Captioned web image data:
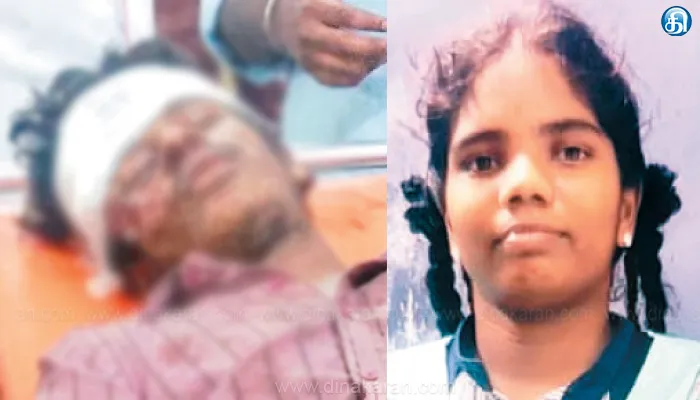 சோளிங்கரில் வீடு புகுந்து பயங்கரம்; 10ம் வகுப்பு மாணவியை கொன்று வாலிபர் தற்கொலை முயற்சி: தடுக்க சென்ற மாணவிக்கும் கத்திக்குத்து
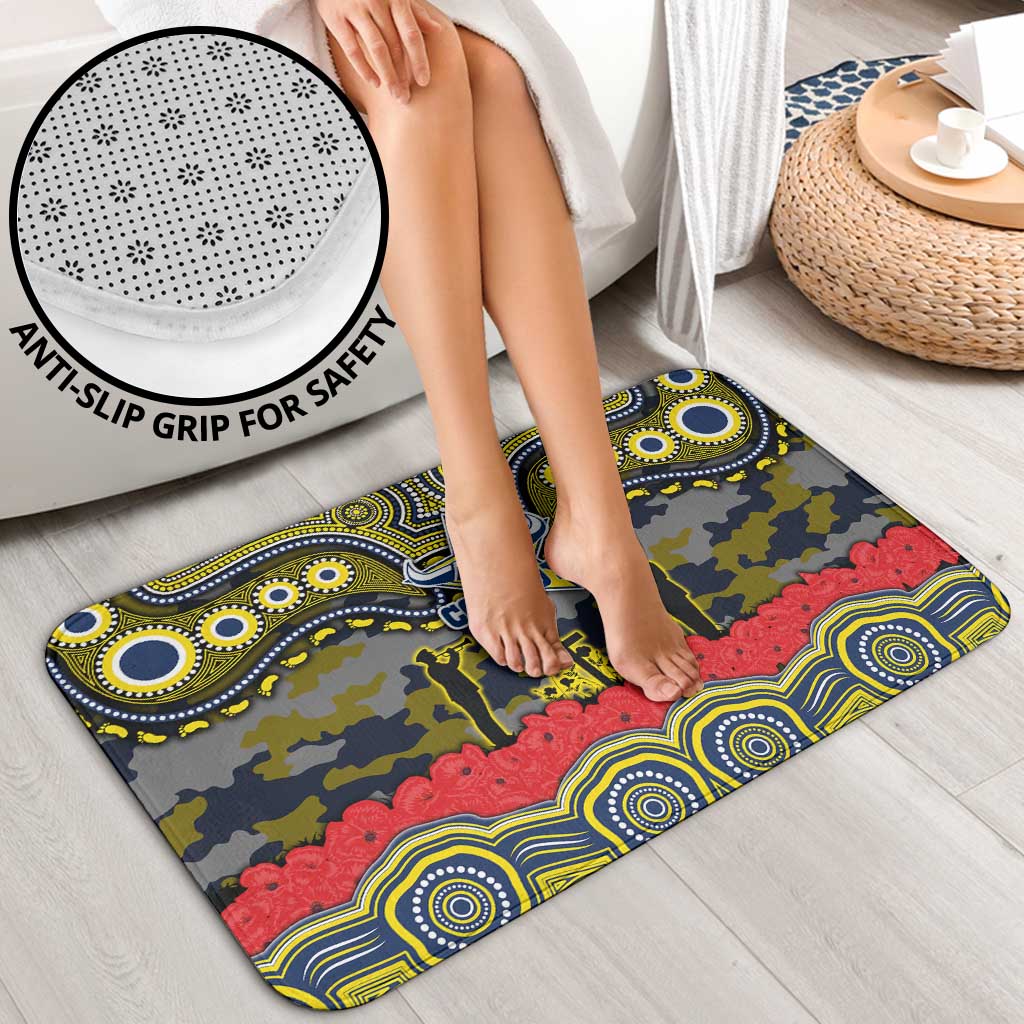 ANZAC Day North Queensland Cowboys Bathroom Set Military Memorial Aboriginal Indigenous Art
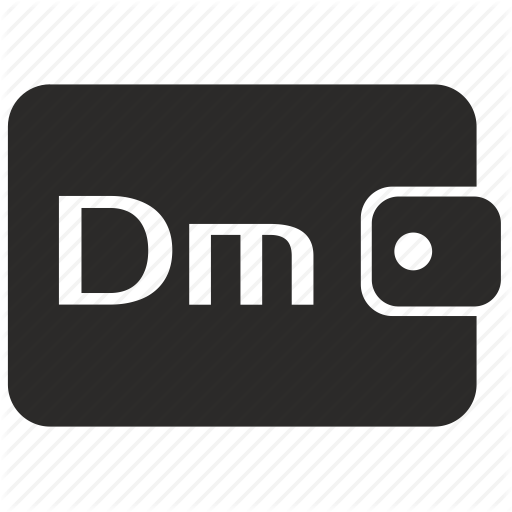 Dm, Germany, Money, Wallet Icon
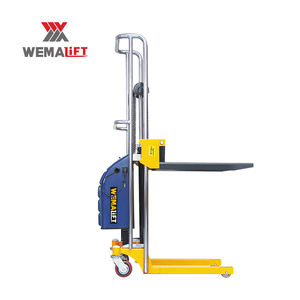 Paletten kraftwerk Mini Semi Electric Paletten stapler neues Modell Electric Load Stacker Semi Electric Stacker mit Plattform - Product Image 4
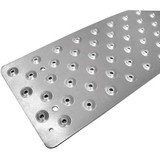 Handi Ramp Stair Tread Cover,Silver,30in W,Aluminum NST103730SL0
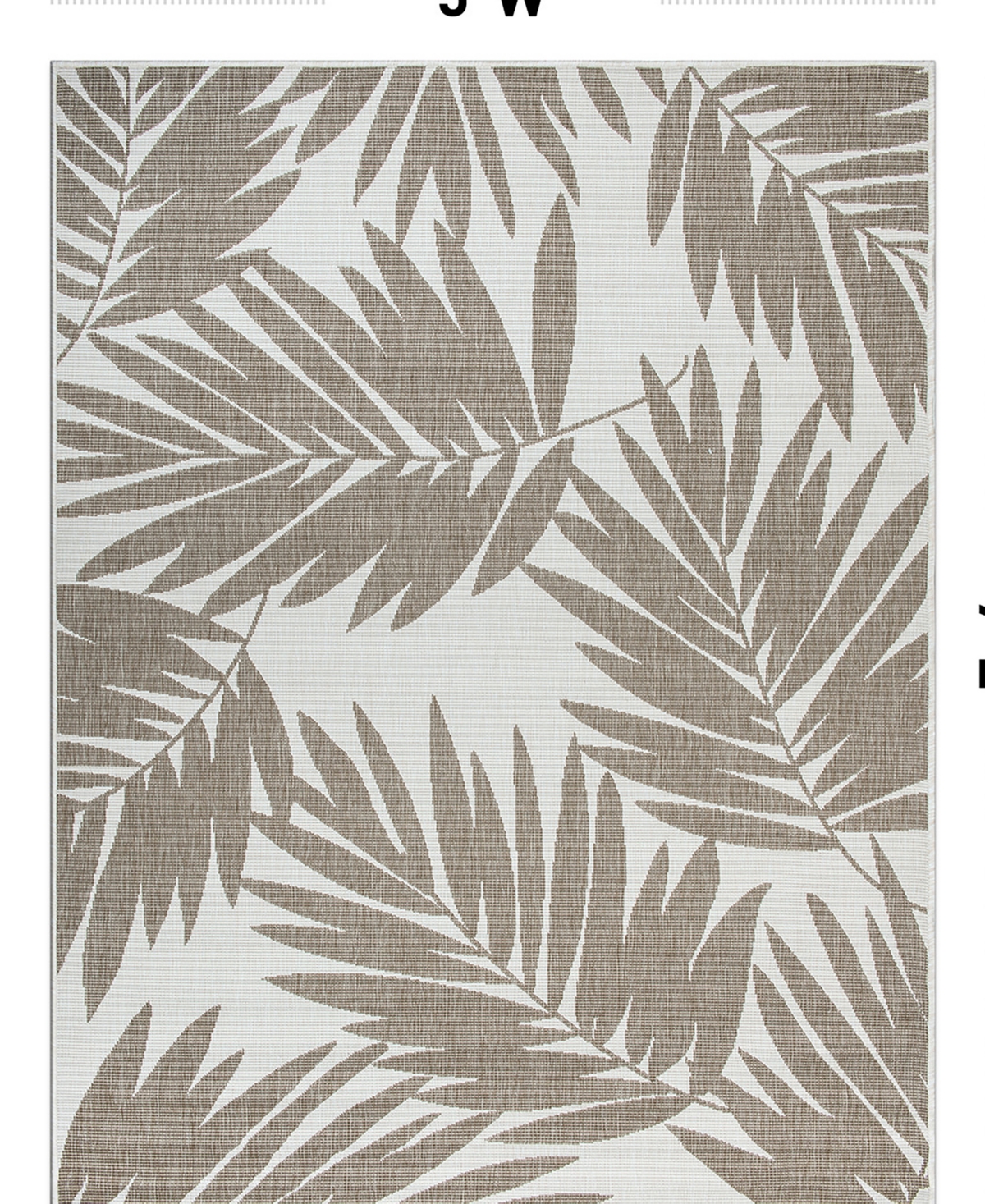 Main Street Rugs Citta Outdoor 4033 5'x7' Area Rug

Your task: Give again exactly the lines from the one holding "Handi Ramp Stair" to the final line of the records, both ends included; any pictures stay out.

Expected answer:
 Handi Ramp Stair Tread Cover,Silver,30in W,Aluminum NST103730SL0
 Main Street Rugs Citta Outdoor 4033 5'x7' Area Rug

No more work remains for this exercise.